Question 4.11: A compressed-air tank is supported by two cradles as shown i...
A compressed-air tank is supported by two cradles as shown in Figure 4.54. Relative to the effects of the air pressure inside the tank, the effects of the cradle supports are negligible. The cylindrical body of the tank has a 30 in outer diameter and is fabricated from a 3/8-in. steel plate by welding along a helix that forms an angle of 25º with a transverse (vertical) plane. The end caps are spherical and have a uniform wall thickness of 5/16 in. For an internal gage pressure of 180 psi, determine (a) the normal stresses and maximum shear stresses in the spherical caps; and (b) the stresses in directions perpendicular and parallel to the helical weld.
Given: Dimensions of and pressure on compressed-air tank.
Find: Stress states in spherical end caps and along welds in cylindrical body.
Assume: Thin-walled pressure vessel theory applies.

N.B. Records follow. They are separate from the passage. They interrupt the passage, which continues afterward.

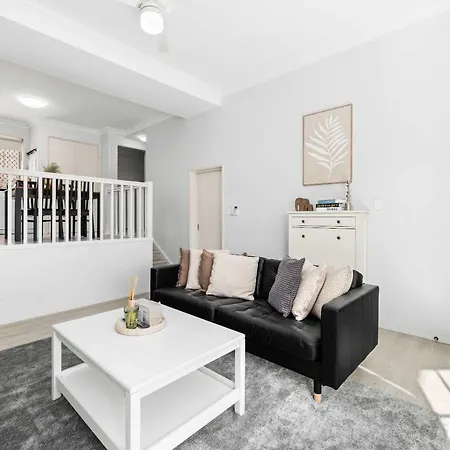 Holiday home Pool & Tennis Court 3br Bright Mt Gravatt Retreat Brisbane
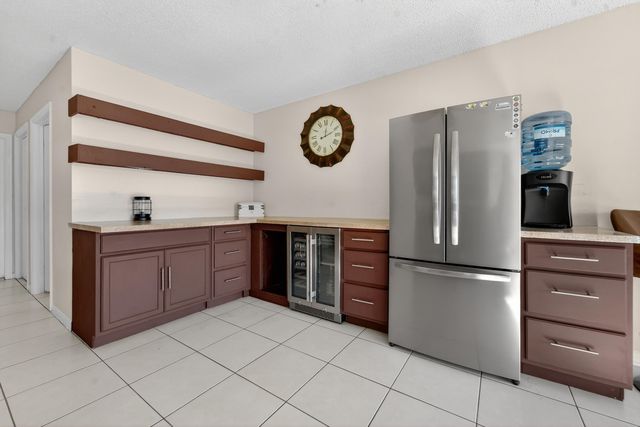 3944 Crescent Creek Drive, Coconut Creek, FL 33073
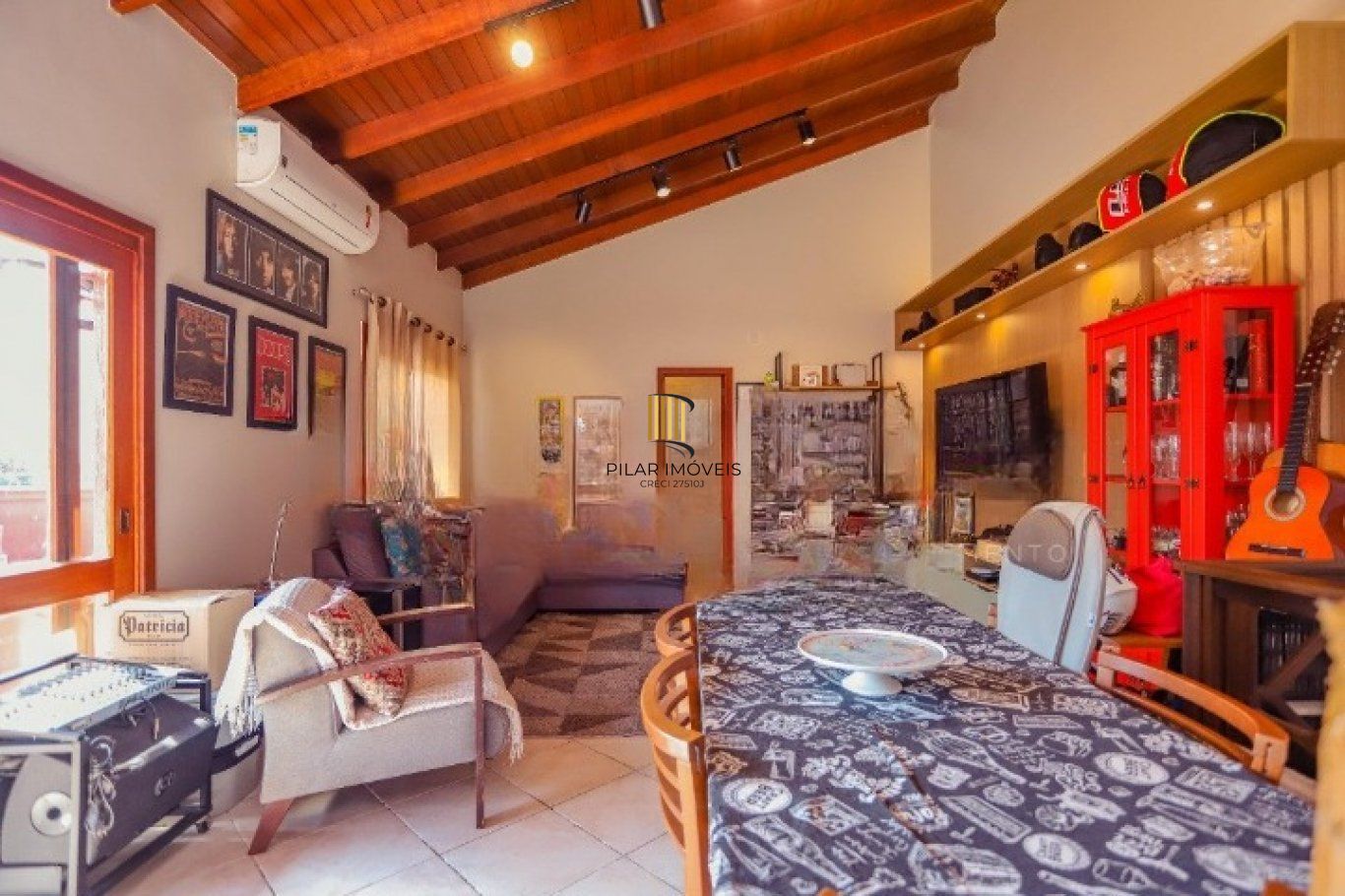 Cobertura com 3 quartos e 206m² à venda em São Sebastião, Porto Alegre.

First, we validate our assumption that thin-walled theory will apply in both the spherical end caps and the cylindrical body. We must have t ≤ 0.1r in both sections. So,
In spherical cap, t = 5/16 in. and r = 15 – (5/16) = 14.688 in. So, t = 0.0212r.
In cylindrical body, t = 3/8 in. and inner radius r = 14.625 in. So, t = 0.0256r.
In a spherical pressure vessel, we have equal hoop and longitudinal stresses (Figure 4.55)
\sigma _1=\sigma _2=\frac{pr}{2t}=\frac{(180 \textrm{psi})(14.688 \textrm{in.})}{2(0.3125 \textrm{in.})} = 4230 psi.
So, in a plane tangent to the cap, Mohr’s circle reduces to a point (A, B) on the horizontal (σ) axis, and all in-plane shear stresses are zero. On the surface of the cap, the third principal stress is zero, corresponding to point O. On a Mohr’s circle of diameter AO, point D′ represents the maximum shear stress; it occurs on planes inclined at 45º to the plane tangent to the cap. (This is as we would expect for purely normal loading in the reference axes, as for an axially loaded bar that experiences maximum normal stress on planes inclined at 45º to the bar axis.) Hence,
\textrm{τ}_{\max}=\frac{1}{2}(4230 \textrm{psi})= 2115 psi.
In the cylindrical body of the tank, we have hoop and longitudinal normal stresses:
\sigma _1=\frac{pr}{t}=\frac{(180 \textrm{psi})(14.625 \textrm{in.})}{0.375 \textrm{in.}} = 7020 psi
\sigma _2=\frac{pr}{2t}=\frac{(180 \textrm{psi})(14.625 \textrm{in.})}{2(0.375 \textrm{in.})} = 3510 psi.
Here, the average normal stress is
\sigma _{ave}=\frac{1}{2}(\sigma _1+\sigma _2) =5265 psi
and the radius of Mohr’s circle is
R=\frac{1}{2}(\sigma _1-\sigma _2) =1755 psi.
We want to rotate our axes from their initial configuration, shown at left in Figure 4.56, so that our element has a face parallel to the weld, as shown at right; the transformed σ \acute{_x} and \textrm{τ} \acute{_x} \acute{_y} , or σ_w and \textrm{τ}_w , will be the requested stresses.
Using the average stress (center) and radius R just found, we construct Mohr’s circle and find these transformed stress components.
Since we want to rotate the element by θ = 25˚, we rotate around Mohr’s circle by 2θ = 50˚, to arrive at point X′. This point has the following coordinates:
\sigma _\textrm{w} = \sigma_{\textrm{ave}} – R cos 50˚
= 5265 – 1755 cos 50˚
= 4140 psi (tensile)
\textrm{τ}_{\textrm{w}} = R sin 50˚ = 1755 sin 50˚
= 1344 psi.
Since point X′ is below the horizontal axis, \textrm{τ}_w tends to rotate the element counterclockwise, as assumed in Figure 4.57.